La presencia de “La Alondra” de Jean Anouilh, sobre Juana de Arco, resonó como un canto a la convicción y el sacrificio por una causa. Incluso las piezas mexicanas como “Los perros” de Elena Garro recuperan la cosmovisión indígena y campesina, cuestionando los relatos oficiales. Cada función era una lección de historia, de ética, de política; una invitación a no ser espectadores pasivos del mundo, sino a comprender sus mecanismos, muchas veces oscuros.

Pero quizás la lección más profunda no estuvo solo en el guion, sino en el contexto material que hace posible este milagro cultural. El encuentro se desarrolló en dos foros: un auditorio construido hace más de cuarenta años con el trabajo voluntario, la arena y el ladrillo aportado por la comunidad, y un nuevo teatro de características monumentales, erigido, se enfatiza, sin un centavo de dinero público, solo con el esfuerzo organizado de los antorchistas. Esta es una declaración política en sí misma.
En un país donde la cultura suele depender de los vaivenes del presupuesto oficial y de las agendas del momento, aquí se muestra un modelo alternativo: la autogestión comunitaria como base para la soberanía cultural. El mensaje es que la belleza, la reflexión y el arte de alta calidad no deben ser concesiones graciosas del poder, sino conquistas de la organización popular.

El momento más conmovedor y simbólico del evento resume este espíritu. Durante una presentación de danza, Un ensamble norteño, por cierto, el sistema de sonido falló por completo, y ante esto cerca de cien jóvenes bailarines, en lugar de paralizarse, tras unos segundos de perplejidad, continuaron su ejecución en silencio absoluto durante diez minutos, “volando sin música”, en perfecta sincronía y entrega.
El público, conteniendo la respiración, estalló en una ovación estruendosa al final, aquella coreografía silenciosa fue la metáfora perfecta de la resistencia: el arte y la comunidad persisten, creativas e imbatibles, incluso cuando se apagan los instrumentos convencionales de apoyo. Es la demostración de que lo esencial, es decir la disciplina, el compromiso, el mensaje colectivo, no depende de la tecnología, sino de la convicción humana.

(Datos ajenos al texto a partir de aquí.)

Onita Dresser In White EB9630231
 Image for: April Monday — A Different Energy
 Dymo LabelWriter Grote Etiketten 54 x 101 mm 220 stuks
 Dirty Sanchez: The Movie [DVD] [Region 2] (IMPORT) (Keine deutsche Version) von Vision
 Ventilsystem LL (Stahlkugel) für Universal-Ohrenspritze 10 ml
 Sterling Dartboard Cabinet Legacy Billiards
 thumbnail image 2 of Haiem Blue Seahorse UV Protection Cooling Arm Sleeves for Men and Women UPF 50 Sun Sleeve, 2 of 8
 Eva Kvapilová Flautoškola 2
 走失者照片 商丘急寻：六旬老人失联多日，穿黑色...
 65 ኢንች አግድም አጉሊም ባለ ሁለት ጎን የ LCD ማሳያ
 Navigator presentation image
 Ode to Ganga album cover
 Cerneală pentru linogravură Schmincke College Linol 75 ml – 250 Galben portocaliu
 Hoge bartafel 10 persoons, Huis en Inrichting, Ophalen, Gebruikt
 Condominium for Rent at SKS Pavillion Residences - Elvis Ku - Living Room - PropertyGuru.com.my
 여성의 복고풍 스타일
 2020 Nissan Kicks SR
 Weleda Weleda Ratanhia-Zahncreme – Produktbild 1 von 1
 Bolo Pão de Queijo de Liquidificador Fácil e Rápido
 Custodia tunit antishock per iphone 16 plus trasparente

El Encuentro de Teatro de Tecomatlán, más allá de las etiquetas, nos plantea preguntas incómodas y necesarias. ¿Por qué el teatro “oficial” a menudo parece tan alejado de estas vitalidad y relevancia social? ¿Cuánto potencial artístico y transformador yace dormido en las comunidades del país, a la espera de un canal de organización y no solo de un subsidio?
El movimiento Antorchista, ha logrado algo innegable: demostrar que el teatro puede ser una escuela masiva de conciencia, un espacio donde el pueblo no solo asiste a ver obras, sino que se ve a sí mismo en ellas, discute su realidad y fortalece, a través de la belleza y la reflexión compartidas, su capacidad para transformarla.

Al final, como bien nos dimos cuenta muchos durante el evento, el escepticismo fuera de antorcha es comprensible, pues suena a utopía realizada. Pero la invitación está abierta: asistir, ver, comprobar.
En un rincón de la Mixteca Poblana, el teatro está vivo, es del pueblo y, sobre todo, le devuelve al pueblo una imagen de su propia fuerza, dignidad y anhelo de belleza. Ese, tal vez, sea el acto educativo más revolucionario de todos.